Nous apportons des solutions à trois niveaux. Au niveau individuel, j’accompagne les dirigeants et les managers en général à mieux gérer les défis opérationnels et stratégiques et à mieux remplir leur rôle afin qu’il puisse avoir plus d’impact. J’accompagne aussi les collaborateurs dans la gestion de leurs carrières :  Discuter des options possibles et se positionner pour évoluer dans leur carrière et atteindre leurs objectifs professionnels. Enfin, nous offrons des programmes de leadership pour aider les managers à identifier les défis liés à leur rôle et leur contexte et les prendre en charge avec succès. Les programmes incluent beaucoup d’échanges entre participants mais nous donnent aussi l’opportunité de les mettre au défi et de partager avec eux les bonnes pratiques de management et de leadership.

Envisagez-vous d’étendre votre expertise à d’autres secteurs ou dans d’autres pays de la sous-région ?

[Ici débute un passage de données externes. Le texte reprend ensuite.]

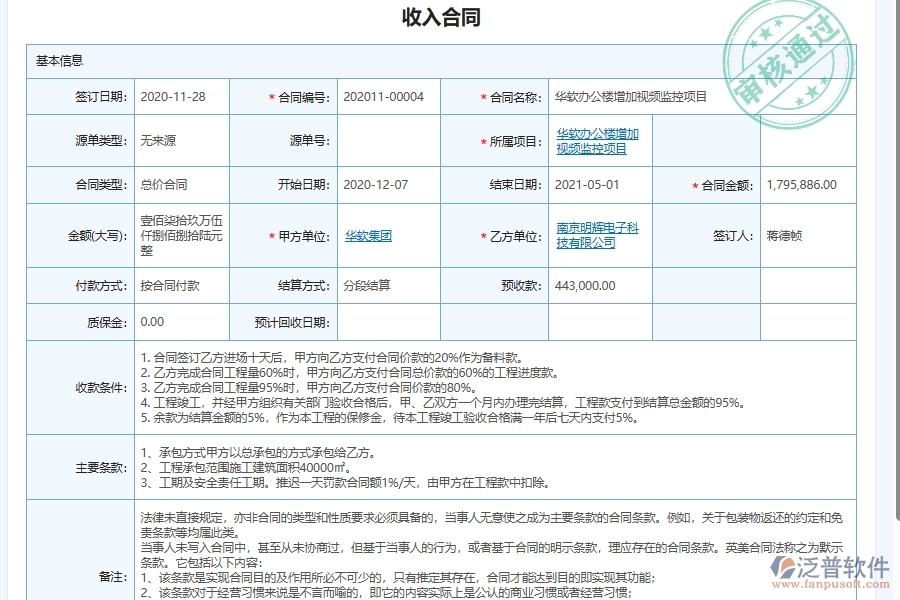 項(xiàng)目施工承包合同管理為弱電工程企業(yè)提供了哪些方面的應(yīng)用價值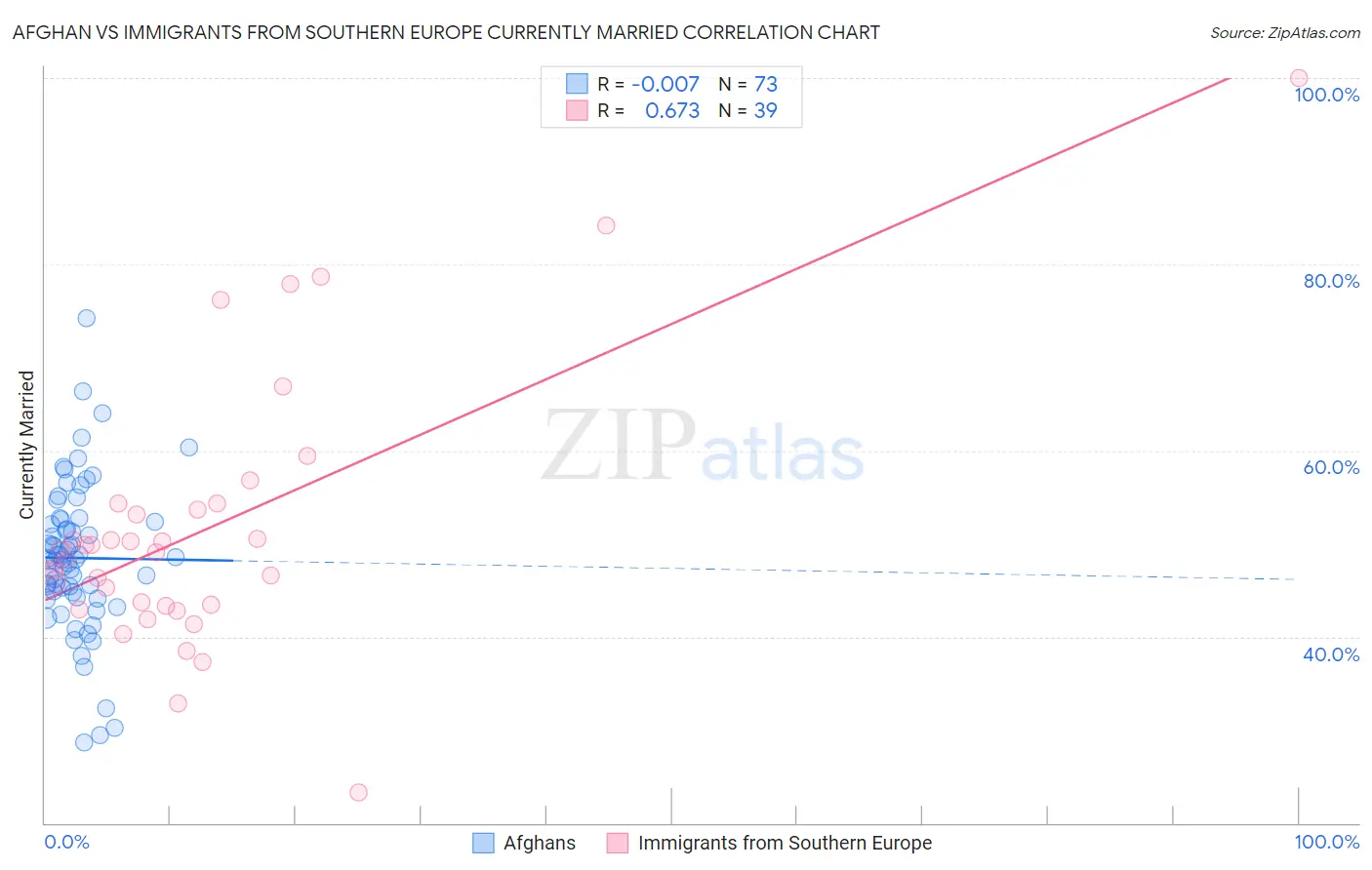 Afghan vs Immigrants from Southern Europe Currently Married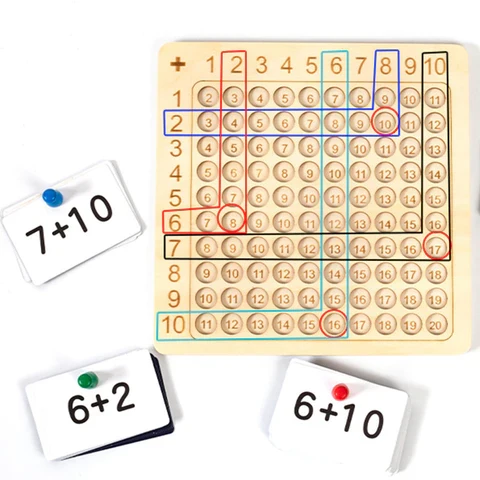 MathGame : Table De Multiplication et Addition en Bois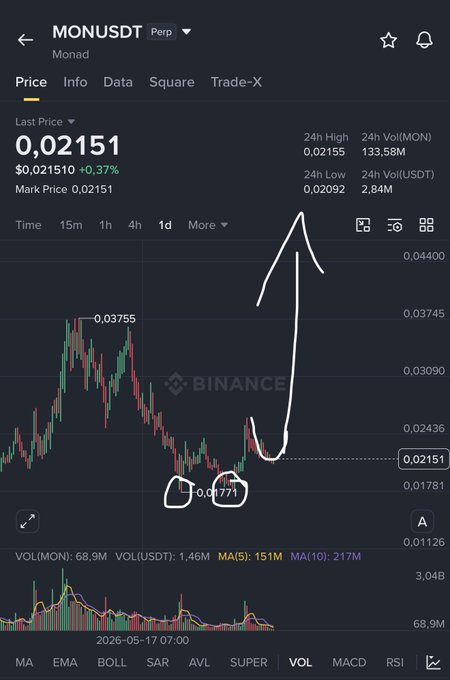 Binance perpetual trading view of MONUSDT showing the last price at $0.02151 (+0.37%) with hand-drawn annotations highlighting a dip to ~$0.0177 followed by a sharp rally toward $0.0375, illustrating the post's claim of a ~12% gain for $MON.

Je travaille déjà avec la sous-région puisque certains de mes clients sont des organisations régionales. Je n’envisage pas d’étendre mon expertise parce que dans ce que je fais, il est important de garder ses clients, j’ai déjà un portefeuille assez étoffé, ce qui est une bonne chose, n’est-ce pas ? Mais la cible sur laquelle je veux me focaliser davantage ce sont les femmes. Actuellement, je leur donne toujours la priorité mais j’aimerais me concentrer exclusivement sur elles. Je les comprends, j’ai vécu ce qu’elles ont vécu et je sais que sans elles, l’Afrique n’avancera pas au bon rythme.